教えて下さい、内容によっては相続を放棄します」

 

 法律や契約については、それなりに知識が有るから騙されないぞ。軽く睨めば、逆に微笑まれた。

 皺くちゃの爺さんだが、笑うと愛嬌が有るな。

 

「此方からの条件は何も有りませんよ。犬飼には八つの倉が有ります。倉には一つずつ霊的な遺産が有りますが、各々に条件が有るそうです。

試練と言い換えても良いですね。一ノ倉から順番に挑んで下さい。途中で止めても構いませんし連続で挑むのもよし。

早速初めますかな?」

 

 五十嵐さんの言葉を信じれば試練は三つじゃないのか?

 

「分かりました、初めましょう」

 

「では私は外します。お帰りの時に声をお掛け下さい」

 

 そう言って爺さんは母屋へと帰って行った。最初に挑んだのは一ノ倉だが、これは普通の土蔵だ。

 重たい観音開きの扉を開けると中に光が差し込むが、不思議と真っ暗だ。

 

 ひんやりとした空気が中から流れてくる……

 

「これが第一の試練の黒か……真っ暗だな、闇が当たりか?」

 

『用心しろよ、正明』

 

 一歩、また一歩と進むが何も反応が無い。外観から判断し倉の中程に来た筈だが何もない。

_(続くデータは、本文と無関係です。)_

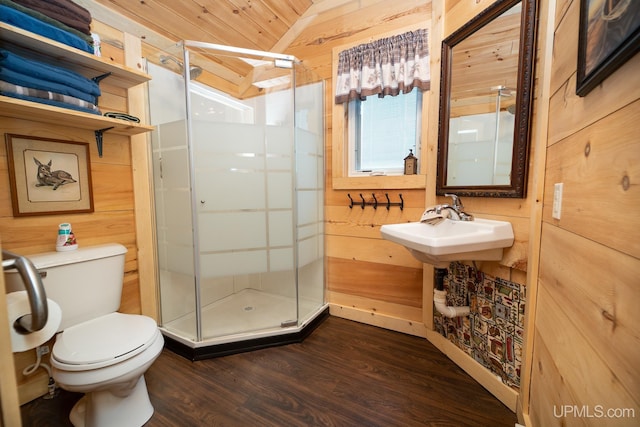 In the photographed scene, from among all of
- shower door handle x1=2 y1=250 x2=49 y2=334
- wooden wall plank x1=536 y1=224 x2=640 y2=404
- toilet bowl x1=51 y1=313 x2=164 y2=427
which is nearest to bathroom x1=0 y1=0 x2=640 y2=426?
wooden wall plank x1=536 y1=224 x2=640 y2=404

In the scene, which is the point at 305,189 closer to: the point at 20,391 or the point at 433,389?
the point at 433,389

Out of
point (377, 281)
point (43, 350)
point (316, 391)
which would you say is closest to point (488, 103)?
point (377, 281)

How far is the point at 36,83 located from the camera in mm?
1121

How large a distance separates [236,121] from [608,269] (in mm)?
1960

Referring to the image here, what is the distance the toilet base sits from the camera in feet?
3.65

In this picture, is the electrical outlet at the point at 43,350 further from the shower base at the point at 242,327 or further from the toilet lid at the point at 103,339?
the shower base at the point at 242,327

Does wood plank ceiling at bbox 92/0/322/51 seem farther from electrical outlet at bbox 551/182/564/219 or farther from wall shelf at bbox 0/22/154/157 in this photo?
electrical outlet at bbox 551/182/564/219

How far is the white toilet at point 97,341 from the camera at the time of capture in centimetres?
101

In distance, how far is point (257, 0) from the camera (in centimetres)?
192

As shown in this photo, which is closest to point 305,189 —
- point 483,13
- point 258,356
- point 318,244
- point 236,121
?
point 318,244

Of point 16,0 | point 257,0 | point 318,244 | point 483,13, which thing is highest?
point 257,0

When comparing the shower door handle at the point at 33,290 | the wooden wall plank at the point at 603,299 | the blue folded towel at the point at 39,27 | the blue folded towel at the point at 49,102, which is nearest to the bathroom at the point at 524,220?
the wooden wall plank at the point at 603,299

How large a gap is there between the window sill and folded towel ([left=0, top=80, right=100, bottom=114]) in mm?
1570

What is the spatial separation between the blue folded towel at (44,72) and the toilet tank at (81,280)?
2.75 ft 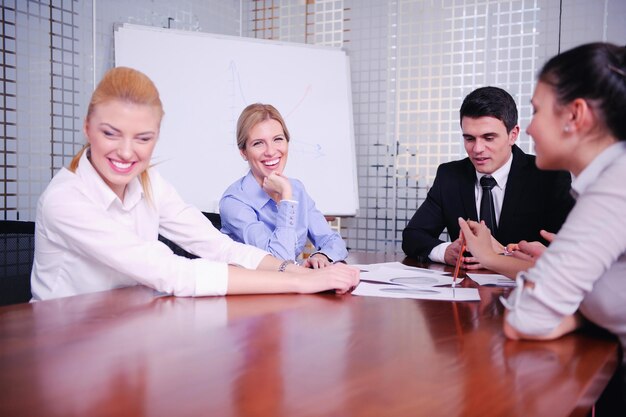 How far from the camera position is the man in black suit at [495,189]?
7.34 ft

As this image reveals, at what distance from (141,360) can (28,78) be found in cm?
241

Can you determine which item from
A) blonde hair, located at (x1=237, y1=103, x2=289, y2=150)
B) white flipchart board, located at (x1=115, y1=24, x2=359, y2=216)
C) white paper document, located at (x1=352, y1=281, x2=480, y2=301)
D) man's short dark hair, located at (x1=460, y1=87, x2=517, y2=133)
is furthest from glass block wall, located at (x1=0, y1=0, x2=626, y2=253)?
white paper document, located at (x1=352, y1=281, x2=480, y2=301)

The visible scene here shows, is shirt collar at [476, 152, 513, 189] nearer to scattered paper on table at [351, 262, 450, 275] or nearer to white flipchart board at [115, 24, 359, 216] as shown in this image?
scattered paper on table at [351, 262, 450, 275]

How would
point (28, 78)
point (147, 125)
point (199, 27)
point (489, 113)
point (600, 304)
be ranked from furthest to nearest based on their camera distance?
1. point (199, 27)
2. point (28, 78)
3. point (489, 113)
4. point (147, 125)
5. point (600, 304)

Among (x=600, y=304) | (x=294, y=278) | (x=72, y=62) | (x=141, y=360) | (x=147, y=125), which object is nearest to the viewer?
(x=141, y=360)

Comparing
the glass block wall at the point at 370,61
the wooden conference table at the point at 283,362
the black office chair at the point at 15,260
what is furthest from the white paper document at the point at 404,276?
the glass block wall at the point at 370,61

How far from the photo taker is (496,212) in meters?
2.33

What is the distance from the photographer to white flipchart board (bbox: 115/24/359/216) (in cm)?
326

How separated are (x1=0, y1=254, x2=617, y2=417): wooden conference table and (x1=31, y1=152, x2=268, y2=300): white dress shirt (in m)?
0.10

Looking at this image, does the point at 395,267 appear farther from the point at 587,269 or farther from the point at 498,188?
the point at 587,269

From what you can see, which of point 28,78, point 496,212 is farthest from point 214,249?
point 28,78

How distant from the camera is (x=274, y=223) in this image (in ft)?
7.65

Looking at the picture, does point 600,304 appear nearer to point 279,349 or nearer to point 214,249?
point 279,349

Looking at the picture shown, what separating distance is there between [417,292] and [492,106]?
1.26 meters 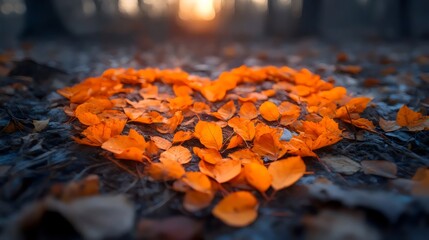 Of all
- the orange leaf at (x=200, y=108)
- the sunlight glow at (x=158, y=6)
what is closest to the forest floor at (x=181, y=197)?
the orange leaf at (x=200, y=108)

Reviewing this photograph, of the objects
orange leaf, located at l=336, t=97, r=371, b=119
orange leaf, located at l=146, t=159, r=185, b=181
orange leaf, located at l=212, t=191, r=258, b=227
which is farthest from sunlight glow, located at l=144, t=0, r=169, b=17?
orange leaf, located at l=212, t=191, r=258, b=227

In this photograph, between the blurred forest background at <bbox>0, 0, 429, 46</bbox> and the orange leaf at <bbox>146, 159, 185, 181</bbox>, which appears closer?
the orange leaf at <bbox>146, 159, 185, 181</bbox>

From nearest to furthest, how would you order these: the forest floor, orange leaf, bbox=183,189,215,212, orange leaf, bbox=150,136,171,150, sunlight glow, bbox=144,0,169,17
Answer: the forest floor, orange leaf, bbox=183,189,215,212, orange leaf, bbox=150,136,171,150, sunlight glow, bbox=144,0,169,17

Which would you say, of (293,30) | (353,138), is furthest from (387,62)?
(293,30)

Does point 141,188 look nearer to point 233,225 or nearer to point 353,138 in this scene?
point 233,225

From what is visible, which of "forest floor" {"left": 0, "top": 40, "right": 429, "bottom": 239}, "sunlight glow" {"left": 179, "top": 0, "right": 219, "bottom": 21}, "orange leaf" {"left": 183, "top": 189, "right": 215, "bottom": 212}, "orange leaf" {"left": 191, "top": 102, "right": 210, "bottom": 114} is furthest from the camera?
"sunlight glow" {"left": 179, "top": 0, "right": 219, "bottom": 21}

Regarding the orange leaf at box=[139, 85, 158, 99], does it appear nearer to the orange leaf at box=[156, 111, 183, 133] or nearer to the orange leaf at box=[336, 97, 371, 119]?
the orange leaf at box=[156, 111, 183, 133] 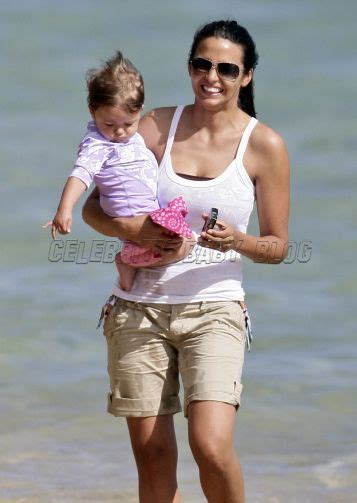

 試練は闇と思い持ってきたマグライトを点けて周りを確認する……真っ暗だ、いや天井も壁も黒い。

 

 倉の内側が真っ黒だと……マグライトの光が妙に揺れるぞ。

 

『違う、正明!囲まれたぞ、これは油虫(ゴキブリ)だ!』

 

「何だって?うわっ、本当にゴキブリだぞ。天井や壁が動いた?」

 

 何万匹と言うゴキブリが天井と床に折り重なる様に蠢いている。

 逃げようと振り返ったが、唯一の出口もゴキブリが天井からカーテンの様に垂れ下がり隠してしまった。

 

「油断した……まさか床以外にビッシリ張り付いているとはな。でも胡蝶さん、コイツ等を沈められる?」

 

 呼び掛けに応えて左手首からモノトーンの流動体が現れ僕の周りに水溜まりを作る。そこから上半身だけ現れる胡蝶さん。

 

「たかが不快生物の分際で我等に挑むとはな。だが……正明、これも試練だ。

この中に一際大きく霊力を帯びた奴が居る。霊視で探すのだ」

 

 霊力を帯びたゴキブリ?両目に霊力を流し込み周辺を注意深く観察する。

 床を這い近付く奴等は胡蝶さんが沈め天井から落ちてくる奴は霊波で弾く。

 五分程探すと壁の真ん中辺りに他のゴキブリ達に埋まる様に隠れていた奴を見付けた。

 微妙に動き回るので目で追わないと見失いそうだが、確かに他と違う霊波を感じる。

 

「胡蝶さん、奴だろ?」

 

 動く目標を指差しながら答える。

 

「ふむ、正解だ。だが、もう少し早く見付けるのだな。では捕まえろ」

 

「はい?どうやって?」

 

 簡単に捕まえろって言われても虫取り網とか用意してないぞ。

 

「手で捕まえろ。奴は霊力が有るだけに強固だろうから、握っても潰れはしまい。さぁヤレ!」

 

 胡蝶さんの言葉に嘘はなさそうだし本気っぽい。まさかゴキブリを手掴みとか笑えないが……

 

「男は度胸!潰れるんじゃないぞ」

 

 両手を前に突き出しながら逃げる奴に飛び掛かる!掌と足の裏からナニかが潰れる嫌な感触が……だが捕まえたぞ!

 

「でかしたぞ、正明!今、我等が主である事を刻み込んでやるわ!」

 

 両手でしっかりと捕まえた奴を良く観察する。デカい、ビーチサンダル位の大きさが有る漆黒のゴキブリだ。

 胡蝶さんのお陰で僕等を主と認めたのか、倉の中のゴキブリ達が一斉に居なくなった……

 

「最初の試練で手に入れた霊的遺産が巨大ゴキブリかよ。お前、何が出来るんだよ?」

 

 手乗りインコ宜しく掌に鎮座する奴に話し掛ける。大婆さん、絶対嫌いだから自分は試練を受けなかったな?